== TASK TO CARRY OUT ==
The records that follow must be reproduced in full, with every picture excluded.

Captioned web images
- Opening Delimiter -

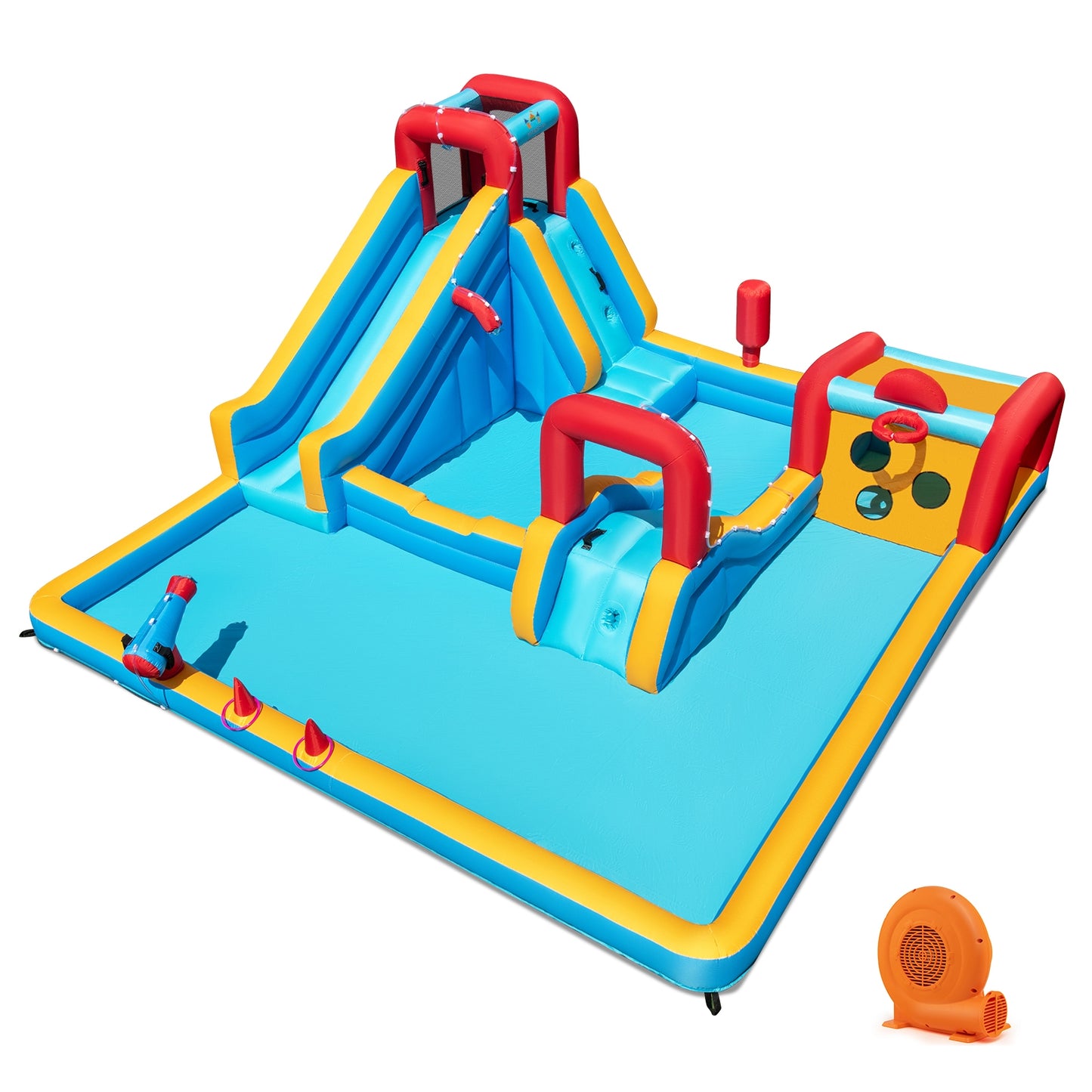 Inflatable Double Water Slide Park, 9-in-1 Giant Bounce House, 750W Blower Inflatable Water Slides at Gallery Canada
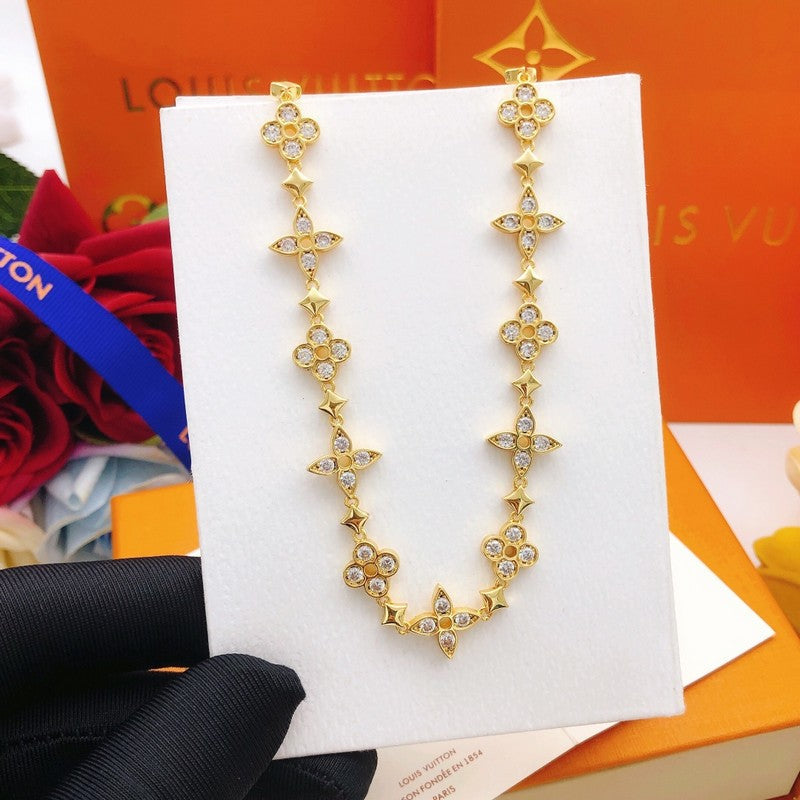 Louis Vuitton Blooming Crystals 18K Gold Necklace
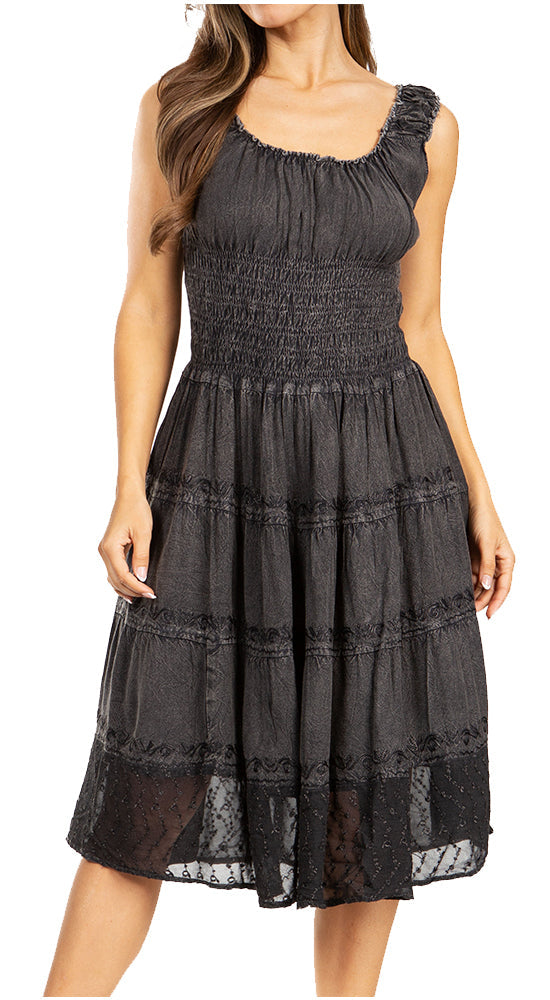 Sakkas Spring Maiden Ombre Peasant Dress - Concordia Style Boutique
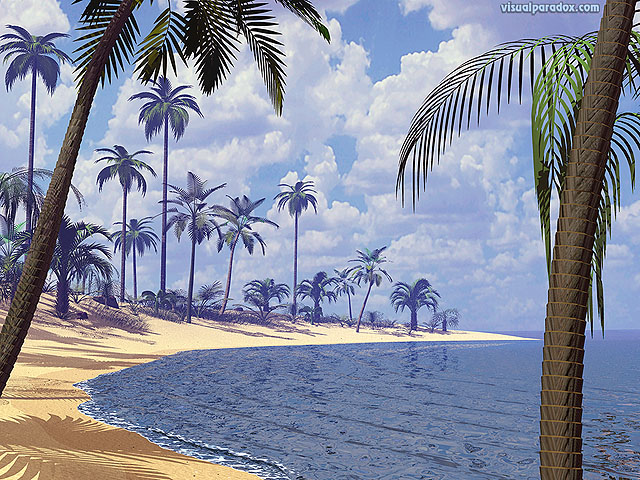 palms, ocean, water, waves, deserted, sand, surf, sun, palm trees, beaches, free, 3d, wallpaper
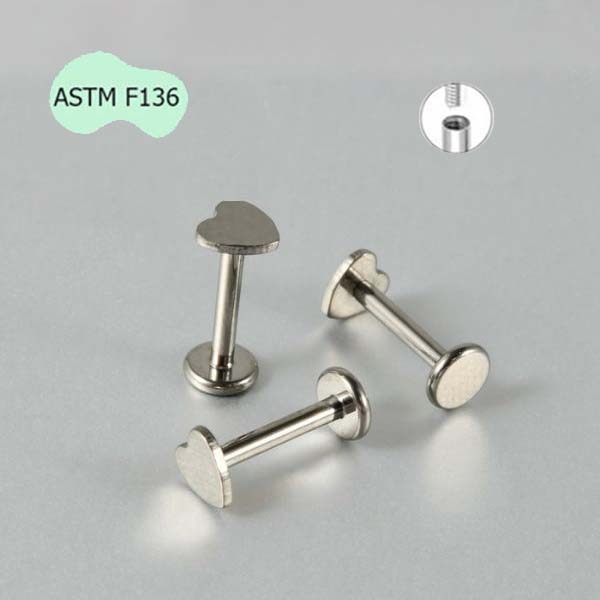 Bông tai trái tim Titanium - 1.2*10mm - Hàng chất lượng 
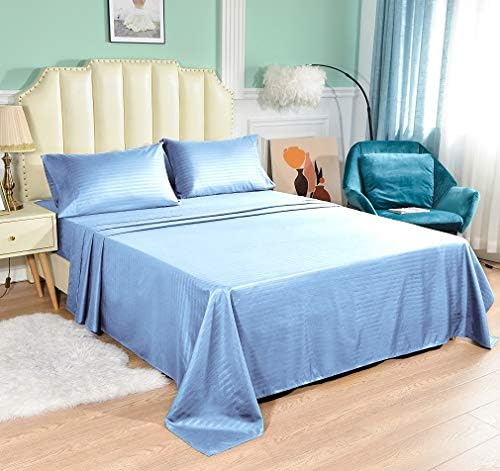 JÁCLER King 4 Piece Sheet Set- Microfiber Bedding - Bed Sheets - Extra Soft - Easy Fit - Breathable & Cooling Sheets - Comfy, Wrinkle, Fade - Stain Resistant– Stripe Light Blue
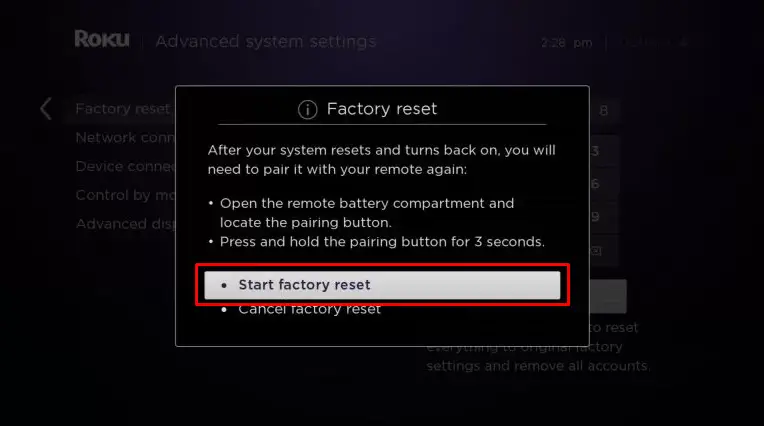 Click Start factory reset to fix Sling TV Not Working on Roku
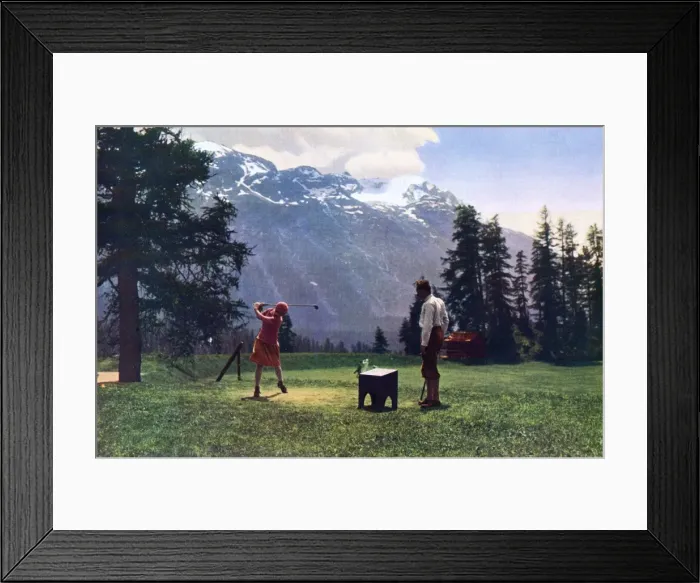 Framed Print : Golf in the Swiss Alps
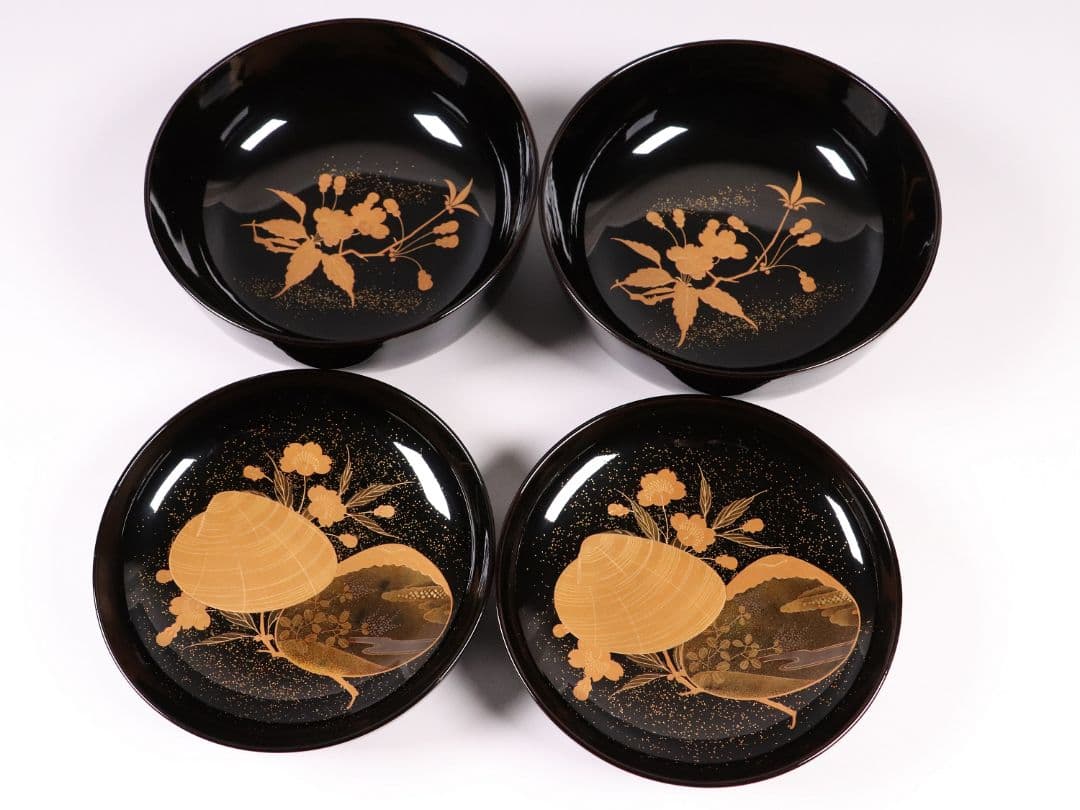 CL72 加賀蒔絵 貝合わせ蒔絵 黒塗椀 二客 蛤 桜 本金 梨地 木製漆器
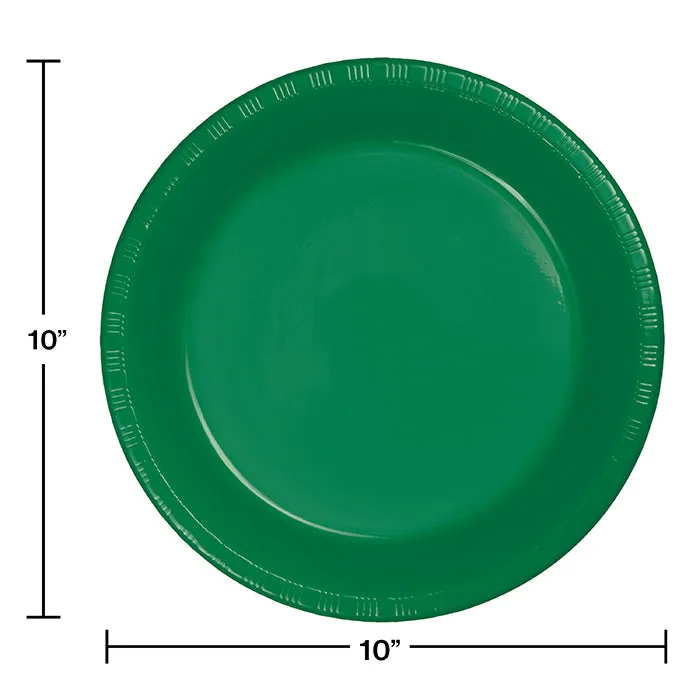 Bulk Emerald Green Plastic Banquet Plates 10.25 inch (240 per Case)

- Closing Delimiter -

== EXPECTED ANSWER ==
 Inflatable Double Water Slide Park, 9-in-1 Giant Bounce House, 750W Blower Inflatable Water Slides at Gallery Canada
 Louis Vuitton Blooming Crystals 18K Gold Necklace
 Sakkas Spring Maiden Ombre Peasant Dress - Concordia Style Boutique
 palms, ocean, water, waves, deserted, sand, surf, sun, palm trees, beaches, free, 3d, wallpaper
 Bông tai trái tim Titanium - 1.2*10mm - Hàng chất lượng 
 JÁCLER King 4 Piece Sheet Set- Microfiber Bedding - Bed Sheets - Extra Soft - Easy Fit - Breathable & Cooling Sheets - Comfy, Wrinkle, Fade - Stain Resistant– Stripe Light Blue
 Click Start factory reset to fix Sling TV Not Working on Roku
 Framed Print : Golf in the Swiss Alps
 CL72 加賀蒔絵 貝合わせ蒔絵 黒塗椀 二客 蛤 桜 本金 梨地 木製漆器
 Bulk Emerald Green Plastic Banquet Plates 10.25 inch (240 per Case)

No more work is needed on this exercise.